### TASK BRIEF
Of all the entries below, only the lines from the one with "持仓股票配债怎么操作 下阶段" up to and including the one with "同程旅行早盘涨超4% 德邦证券对春节旅游数据表现保持乐观" are to be duplicated exactly.

### RECORDS SHOWN

■ ■ ■ ■

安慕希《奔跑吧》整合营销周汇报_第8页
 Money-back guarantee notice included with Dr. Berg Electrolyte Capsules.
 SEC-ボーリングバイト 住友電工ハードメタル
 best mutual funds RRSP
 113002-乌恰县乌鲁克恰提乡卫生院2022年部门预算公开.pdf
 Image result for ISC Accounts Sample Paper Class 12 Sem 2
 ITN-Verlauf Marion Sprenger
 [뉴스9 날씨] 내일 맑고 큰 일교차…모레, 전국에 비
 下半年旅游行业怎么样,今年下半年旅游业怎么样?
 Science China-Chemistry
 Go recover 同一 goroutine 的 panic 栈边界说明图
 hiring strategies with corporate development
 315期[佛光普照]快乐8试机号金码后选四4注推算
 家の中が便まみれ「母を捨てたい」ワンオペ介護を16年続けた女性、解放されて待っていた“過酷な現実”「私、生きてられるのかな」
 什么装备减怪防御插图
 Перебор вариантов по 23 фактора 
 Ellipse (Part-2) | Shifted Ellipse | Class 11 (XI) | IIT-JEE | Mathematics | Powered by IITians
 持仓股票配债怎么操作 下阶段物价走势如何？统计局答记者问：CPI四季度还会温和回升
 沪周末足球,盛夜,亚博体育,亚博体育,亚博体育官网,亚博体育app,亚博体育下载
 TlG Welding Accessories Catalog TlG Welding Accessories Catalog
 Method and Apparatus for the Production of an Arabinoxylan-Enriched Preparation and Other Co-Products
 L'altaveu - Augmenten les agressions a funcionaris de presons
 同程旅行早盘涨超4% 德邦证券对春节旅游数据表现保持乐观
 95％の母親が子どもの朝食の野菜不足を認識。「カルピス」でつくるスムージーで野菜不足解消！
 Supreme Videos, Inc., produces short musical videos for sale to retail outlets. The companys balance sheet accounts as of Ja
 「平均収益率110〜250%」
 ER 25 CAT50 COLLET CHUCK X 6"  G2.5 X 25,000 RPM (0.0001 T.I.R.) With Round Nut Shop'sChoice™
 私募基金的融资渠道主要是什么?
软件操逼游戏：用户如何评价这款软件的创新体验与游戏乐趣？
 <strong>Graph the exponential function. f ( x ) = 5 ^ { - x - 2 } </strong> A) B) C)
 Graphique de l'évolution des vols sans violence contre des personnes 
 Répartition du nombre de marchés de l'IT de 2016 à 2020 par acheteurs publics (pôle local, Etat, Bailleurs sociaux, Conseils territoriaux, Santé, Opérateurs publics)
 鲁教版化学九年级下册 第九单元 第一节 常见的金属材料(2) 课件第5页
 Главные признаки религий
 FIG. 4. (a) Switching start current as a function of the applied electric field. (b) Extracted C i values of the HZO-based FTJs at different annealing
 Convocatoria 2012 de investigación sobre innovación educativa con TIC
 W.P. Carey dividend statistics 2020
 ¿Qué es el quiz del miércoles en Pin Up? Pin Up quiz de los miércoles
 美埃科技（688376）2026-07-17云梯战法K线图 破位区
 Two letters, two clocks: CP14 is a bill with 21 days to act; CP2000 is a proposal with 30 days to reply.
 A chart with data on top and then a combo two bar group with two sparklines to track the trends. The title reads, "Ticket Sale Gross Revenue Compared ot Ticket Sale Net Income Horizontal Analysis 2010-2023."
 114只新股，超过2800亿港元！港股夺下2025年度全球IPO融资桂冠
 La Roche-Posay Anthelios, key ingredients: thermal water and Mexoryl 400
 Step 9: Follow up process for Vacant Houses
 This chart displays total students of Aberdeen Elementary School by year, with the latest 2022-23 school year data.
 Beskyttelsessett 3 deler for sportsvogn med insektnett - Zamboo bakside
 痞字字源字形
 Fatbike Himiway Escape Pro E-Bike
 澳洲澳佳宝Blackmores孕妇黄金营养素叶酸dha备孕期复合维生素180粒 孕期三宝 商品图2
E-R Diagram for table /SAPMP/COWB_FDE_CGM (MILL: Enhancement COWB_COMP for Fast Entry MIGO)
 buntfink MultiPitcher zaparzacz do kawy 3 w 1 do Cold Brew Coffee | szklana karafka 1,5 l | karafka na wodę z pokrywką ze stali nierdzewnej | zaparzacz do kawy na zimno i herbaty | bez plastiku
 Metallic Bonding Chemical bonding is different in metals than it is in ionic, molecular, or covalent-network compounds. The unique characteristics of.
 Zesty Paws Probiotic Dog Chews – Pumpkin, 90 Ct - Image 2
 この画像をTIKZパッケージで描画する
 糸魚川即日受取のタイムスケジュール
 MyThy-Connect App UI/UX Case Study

■ ■ ■ ■

### REPLY
 持仓股票配债怎么操作 下阶段物价走势如何？统计局答记者问：CPI四季度还会温和回升
 沪周末足球,盛夜,亚博体育,亚博体育,亚博体育官网,亚博体育app,亚博体育下载
 TlG Welding Accessories Catalog TlG Welding Accessories Catalog
 Method and Apparatus for the Production of an Arabinoxylan-Enriched Preparation and Other Co-Products
 L'altaveu - Augmenten les agressions a funcionaris de presons
 同程旅行早盘涨超4% 德邦证券对春节旅游数据表现保持乐观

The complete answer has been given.